▸ Raw data:
******************************
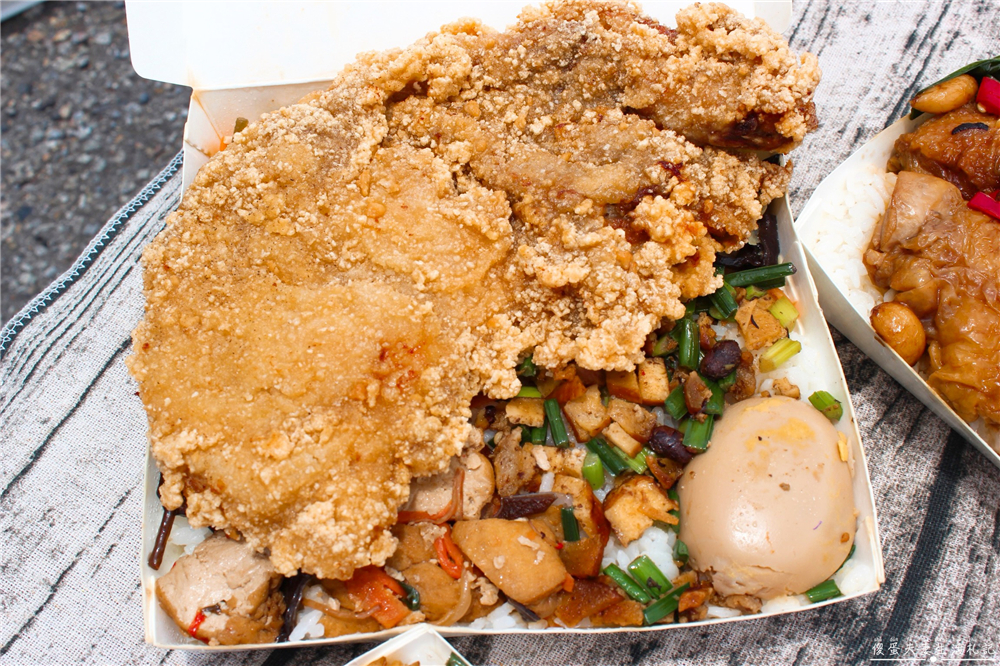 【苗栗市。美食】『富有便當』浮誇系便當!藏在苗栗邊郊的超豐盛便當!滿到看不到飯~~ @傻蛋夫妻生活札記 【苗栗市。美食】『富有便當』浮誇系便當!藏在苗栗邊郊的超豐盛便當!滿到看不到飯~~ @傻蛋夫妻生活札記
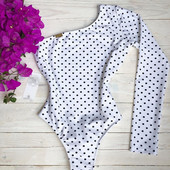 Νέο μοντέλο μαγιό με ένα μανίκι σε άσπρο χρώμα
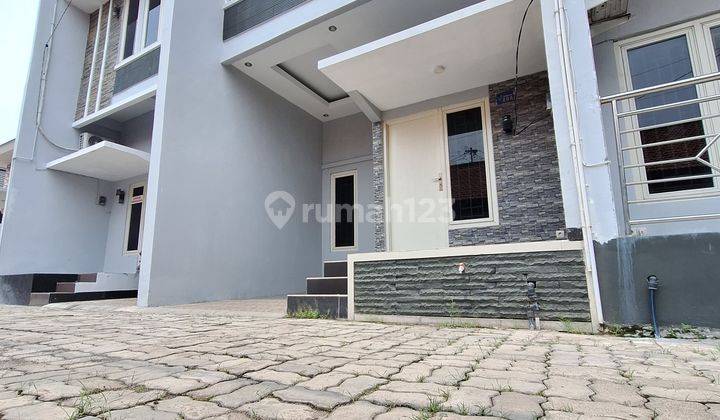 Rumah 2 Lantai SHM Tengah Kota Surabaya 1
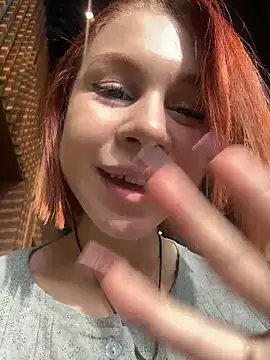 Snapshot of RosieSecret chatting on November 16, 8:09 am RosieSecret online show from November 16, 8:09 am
******************************
▸ Task goal: Leaving out only the pictures, reproduce the listing exactly.

▸ Output for this task:
 【苗栗市。美食】『富有便當』浮誇系便當!藏在苗栗邊郊的超豐盛便當!滿到看不到飯~~ @傻蛋夫妻生活札記 【苗栗市。美食】『富有便當』浮誇系便當!藏在苗栗邊郊的超豐盛便當!滿到看不到飯~~ @傻蛋夫妻生活札記
 Νέο μοντέλο μαγιό με ένα μανίκι σε άσπρο χρώμα
 Rumah 2 Lantai SHM Tengah Kota Surabaya 1
 Snapshot of RosieSecret chatting on November 16, 8:09 am RosieSecret online show from November 16, 8:09 am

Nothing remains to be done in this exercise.